> Dataset entries:
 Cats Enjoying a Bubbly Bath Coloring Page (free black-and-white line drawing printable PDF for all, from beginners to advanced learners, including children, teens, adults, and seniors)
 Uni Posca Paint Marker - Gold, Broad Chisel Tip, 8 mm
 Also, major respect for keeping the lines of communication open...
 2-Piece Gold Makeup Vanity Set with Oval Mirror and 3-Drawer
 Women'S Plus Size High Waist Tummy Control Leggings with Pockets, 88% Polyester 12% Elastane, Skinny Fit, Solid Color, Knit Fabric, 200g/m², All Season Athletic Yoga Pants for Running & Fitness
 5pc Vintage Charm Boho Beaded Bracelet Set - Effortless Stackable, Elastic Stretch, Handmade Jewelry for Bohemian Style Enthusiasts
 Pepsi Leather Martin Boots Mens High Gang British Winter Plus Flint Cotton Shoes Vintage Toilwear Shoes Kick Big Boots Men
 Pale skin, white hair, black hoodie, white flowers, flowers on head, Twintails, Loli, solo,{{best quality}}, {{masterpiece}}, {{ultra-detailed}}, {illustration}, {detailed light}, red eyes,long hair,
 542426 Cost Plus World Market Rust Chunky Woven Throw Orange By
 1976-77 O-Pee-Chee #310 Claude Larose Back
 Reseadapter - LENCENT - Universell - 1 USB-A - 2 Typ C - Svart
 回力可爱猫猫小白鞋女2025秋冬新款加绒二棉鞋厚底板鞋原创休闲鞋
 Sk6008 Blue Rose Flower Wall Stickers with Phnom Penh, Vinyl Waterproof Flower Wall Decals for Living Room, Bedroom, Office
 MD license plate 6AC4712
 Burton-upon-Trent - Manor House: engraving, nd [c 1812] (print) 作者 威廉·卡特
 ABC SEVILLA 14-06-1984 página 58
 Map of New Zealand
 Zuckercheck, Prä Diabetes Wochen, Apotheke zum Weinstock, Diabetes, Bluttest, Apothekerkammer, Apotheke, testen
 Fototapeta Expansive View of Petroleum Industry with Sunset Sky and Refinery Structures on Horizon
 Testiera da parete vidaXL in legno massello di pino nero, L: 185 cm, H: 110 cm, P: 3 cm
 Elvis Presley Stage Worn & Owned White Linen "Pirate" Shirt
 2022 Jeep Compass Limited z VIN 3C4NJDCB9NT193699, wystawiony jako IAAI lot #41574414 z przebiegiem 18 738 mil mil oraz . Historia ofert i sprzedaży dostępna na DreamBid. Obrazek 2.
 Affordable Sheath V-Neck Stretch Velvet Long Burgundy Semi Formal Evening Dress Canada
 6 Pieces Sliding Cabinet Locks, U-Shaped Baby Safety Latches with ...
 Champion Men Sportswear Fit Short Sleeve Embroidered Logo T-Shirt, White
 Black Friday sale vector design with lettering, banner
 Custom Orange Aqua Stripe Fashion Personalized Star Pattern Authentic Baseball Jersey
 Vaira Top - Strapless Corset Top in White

> Exercise goal:
Nothing but a number should be returned: the count of lines in the listing that contain the string "Shirt".

> Response below:
2